La Partie de cartes (1917) de Fernand Léger

Publié le par Professeur L

Fernand Léger, La Partie de cartes (1917), huile sur toile, 129x193, Musée Kröller-Müller, Otterlo, Pays-Bas.

Fernand Léger, La Partie de cartes (1917), huile sur toile, 129x193, Musée Kröller-Müller, Otterlo, Pays-Bas.

Année scolaire 2018-2019 – Lycée Cassini (Clermont-de-l'Oise)

Objet d'étude : écriture poétique et quête du sens, du Moyen-Age à nos jours

Séquence 1 : La Grande Guerre des poètes (projet ONAC-Rethondes-Blérancourt, Mission centenaire, Les Jeunes de l'Oise se souviennent)

 

EN PROLONGEMENT DE LA SÉQUENCE SUR LA GRANDE GUERRE DES POÈTES

LA PARTIE DE CARTES (1917) DE FERNAND LÉGER (1881-1955)

 

On a vu qu'en destructurant les vers, en atomisant les lettres et les mots, Guillaume Apollinaire s'était inspiré du futurisme (éloge de la modernité, célébration de la technique et de la vitesse, introduction de la courbe dans le vers) et du cubisme. Certains artistes cubistes ont aussi utilisé leurs techniques pour dénoncer les horreurs de la guerre. C'est le cas de Fernand Léger qui a connu la monstruosité de la Première Guerre mondiale, comme le prouve ce témoignage :

 

« C'est à la guerre que j'ai mis les pieds dans le sol. En l'espace de deux mois j'ai appris plus que dans toute ma vie...Ah ! Ces gros gars. J'étais costaud moi aussi et je n'ai pas eu peur. […] Pendant que les gars jouaient aux cartes, je restais à côté d'eux, je les regardais, je faisais des dessins, des croquis, je voulais les saisir. J'étais très impressionné par les gars et le désir de les dessiner m'est venu spontanément. C'est de là que plus tard est sortie La Partie de Cartes. […] le premier tableau où j'ai délibérément pris mon sujet dans l'époque. »

(Fernand Léger, cité dans le catalogue Fernand Léger 1881-1955, Musée des arts décoratifs, Palais du Louvre, Pavillon de Marsan, 1956).

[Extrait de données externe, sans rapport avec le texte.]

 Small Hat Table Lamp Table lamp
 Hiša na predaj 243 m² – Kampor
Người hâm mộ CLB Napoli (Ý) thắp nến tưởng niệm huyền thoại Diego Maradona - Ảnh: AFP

Fernand Léger a réalisé cette peinture à partir d'un dessin qu'il avait esquissé sur un papier d'emballage à Verdun en 1916. Cette peinture se caractérise avant tout par la fragmentation des corps, des volumes et de l'espace. Ce procédé cubiste colle parfaitement à la réalité de la guerre qui explose les corps.

La géométrisation de l'espace, l'utilisation de formes géométriques cylindriques, permettent de découvrir la réalité des tranchées dans toutes leurs dimensions. Cette géométrisation et cette fragmentation permettent de montrer une image robotisée des soldats. C'est une manière pour le peintre de montrer que la guerre déshumanise les soldats. Cette déshumanisation est accentuée par l'utilisation de couleurs froides. On a également l'impression que les soldats sont manipulés de l'intérieur par un rouage dont la couleur rouge rappelle le sang versé à la guerre.

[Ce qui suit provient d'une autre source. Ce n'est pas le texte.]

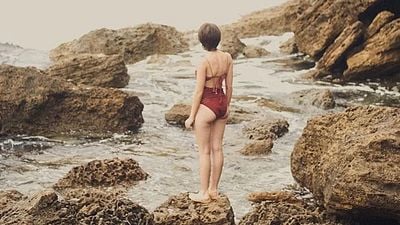 Ya en cines, "un delicado y deslumbrante cuento de fantasmas sin fantasmas": 'Forastera' afronta el duelo desde una perspectiva muy fresca noticias imagen
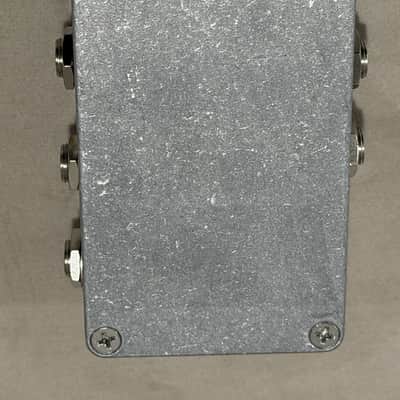 Saturnworks 2:4 Active Stereo Buffered Splitter / Buffer Pedal 2025 - Silver image 4
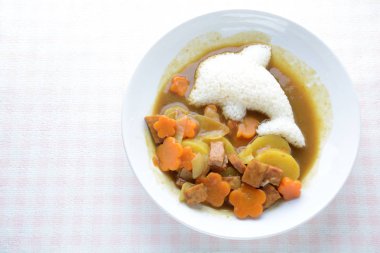 Yunus pirinci şekilli Japon körisi ve kızarmış tavuk. (Karaa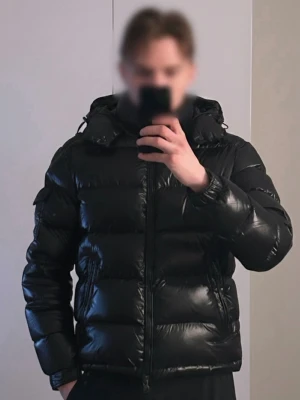 Svart maya - Säljer min svarta Maya. Perfekt för kalla vinterdagar och är i riktigt gott skick. Lite för stor för mig och kommer uppskattas mer hos någon annan. Jag har bara haft den denna vinter och varit noggrann med användningen så basically ny.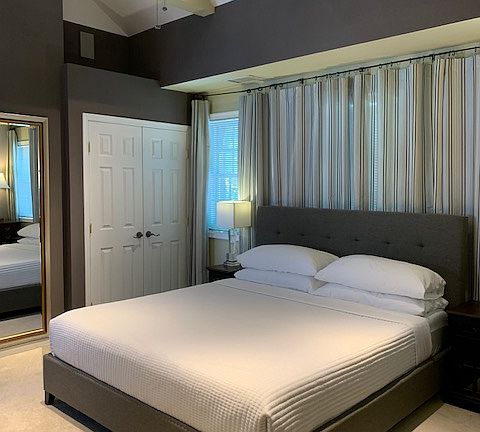 Master Bedroom, King Bed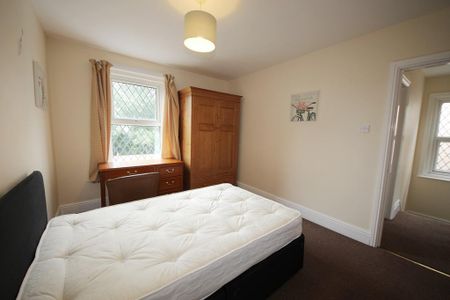 2 bedroom flat to rent - Photo 4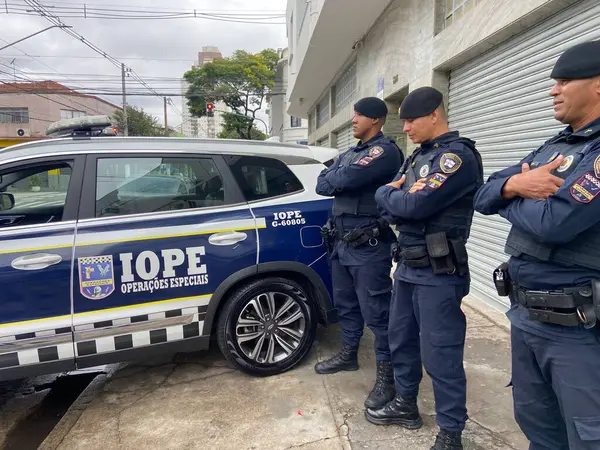 Sao Paulo Brasilien 2024 Gcm Polisen Arresterade Kvinna Fluxo Cracolandia — Stockfoto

De même, ce n'est pas un hasard si le peintre a décidé de représenter les soldats en train de jouer aux cartes. Entre les combats, pendant les longs moments d'attente, les soldats pouvaient se reposer, nettoyer leurs armes, lire (journaux et lettres), écrire (lettres et journaux intimes), discuter, jouer de la musique, chanter, manger, dormir, tuer les rats et les puces. Mais le peintre se focalise sur le jeu de cartes afin de faire un parallélisme avec la guerre. En effet, à la guerre comme au jeu de cartes, c'est le hasard qui domine. Ceux qui survivent à la guerre ne sont pas forcément les plus courageux. Mais ce sont les plus chanceux car la mort frappe comme à la loterie. Aussi la partie de cartes est ici une métonymie de la guerre (la partie pour le tout).

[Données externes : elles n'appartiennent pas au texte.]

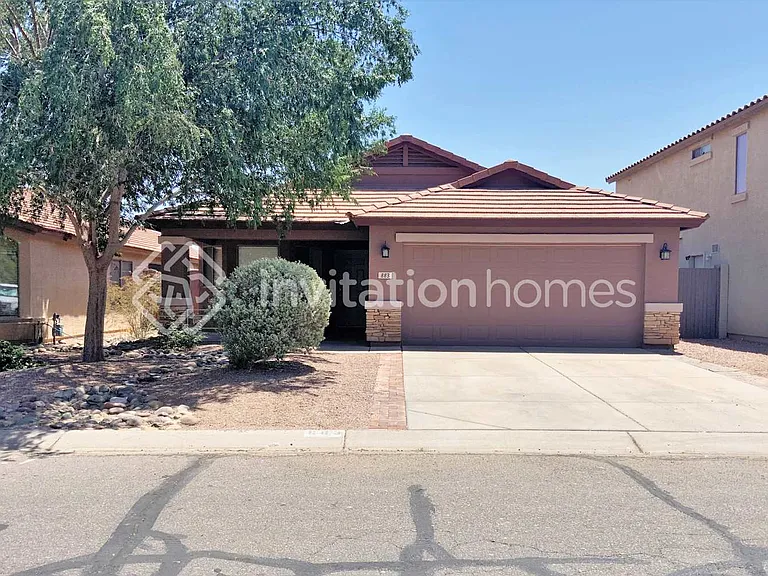 883 E Lovegrass Dr — Photo 1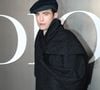 Près d'elle, Robert Pattinson (ambassadeur Dior depuis 2013) portait un châle gris avec un béret.

Robert Pattinson  au photocall du défilé Dior Homme à l'École-Militaire lors de la semaine de la mode masculine automne/hiver 2025-2026 à Paris, France, le 24 janvier 2025. © Bertrand Rindoff/Bestimage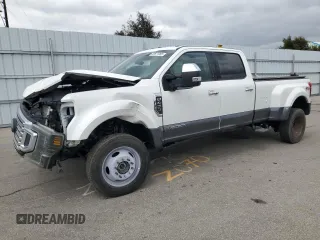 2021 Ford F-450 XL with VIN 1FT8W4DTXMED30296, listed as a Copart auction lot 53511365 with 25,593 mi miles and Salvage Title. Bid and sale history available at carsss.com. Image 1.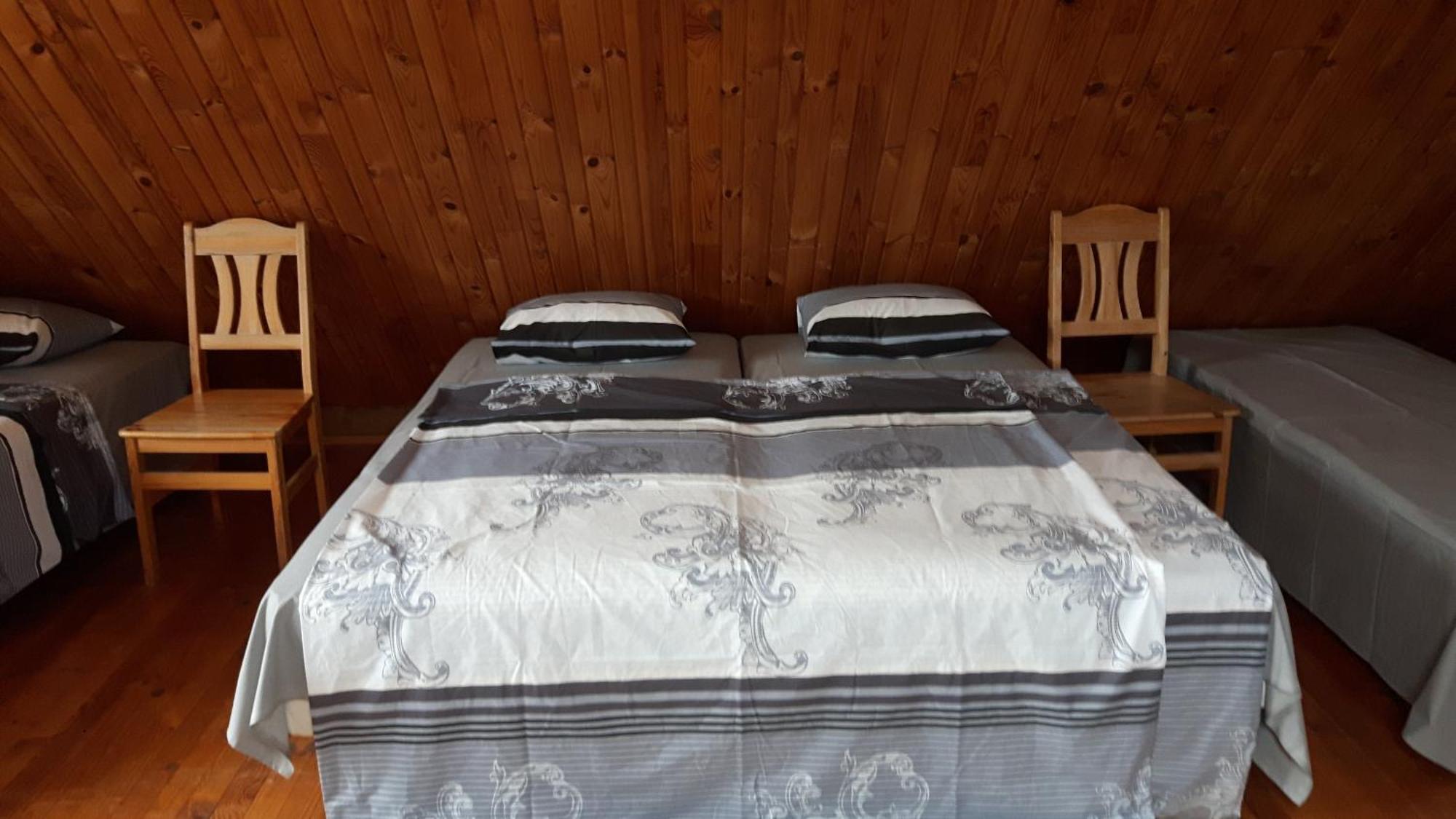 Jaun-Ievinas Hotell Rauna Exteriör bild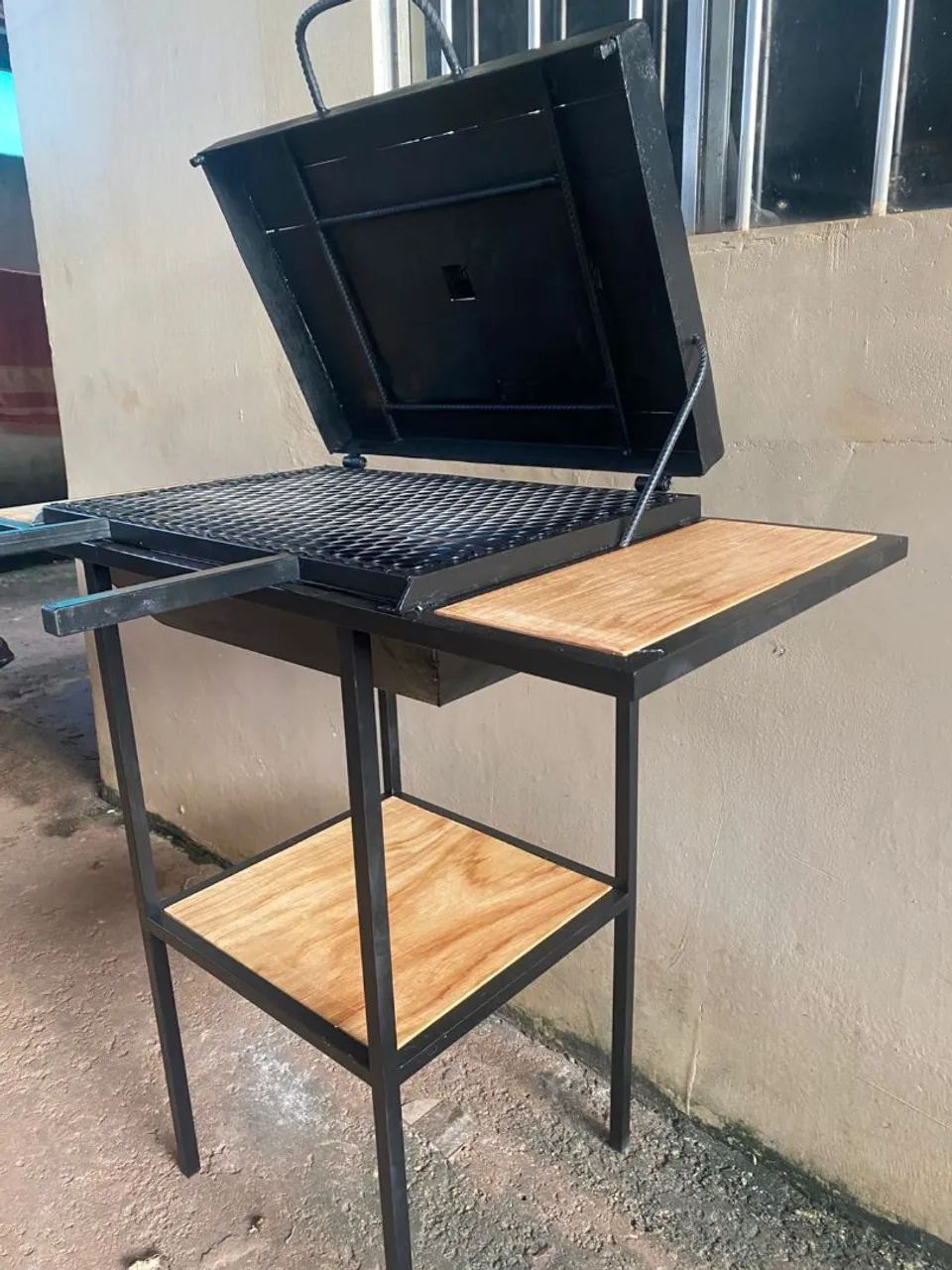 Vendo churrasqueira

Enfin, quelques indices prouvent que ces soldats ne sont pas définitivement déshumanisés : les médailles qu'ils arborent prouvent qu'ils ont fait preuve d'héroïsme, de courage et d'abnégation. Ils fument la pipe ensemble et sont rassemblés, ce qui crée un effet chaleureux renforcé par la couleur jaune. Fernand Léger éprouve à la fois de l'admiration et de la sympathie pour ces soldats.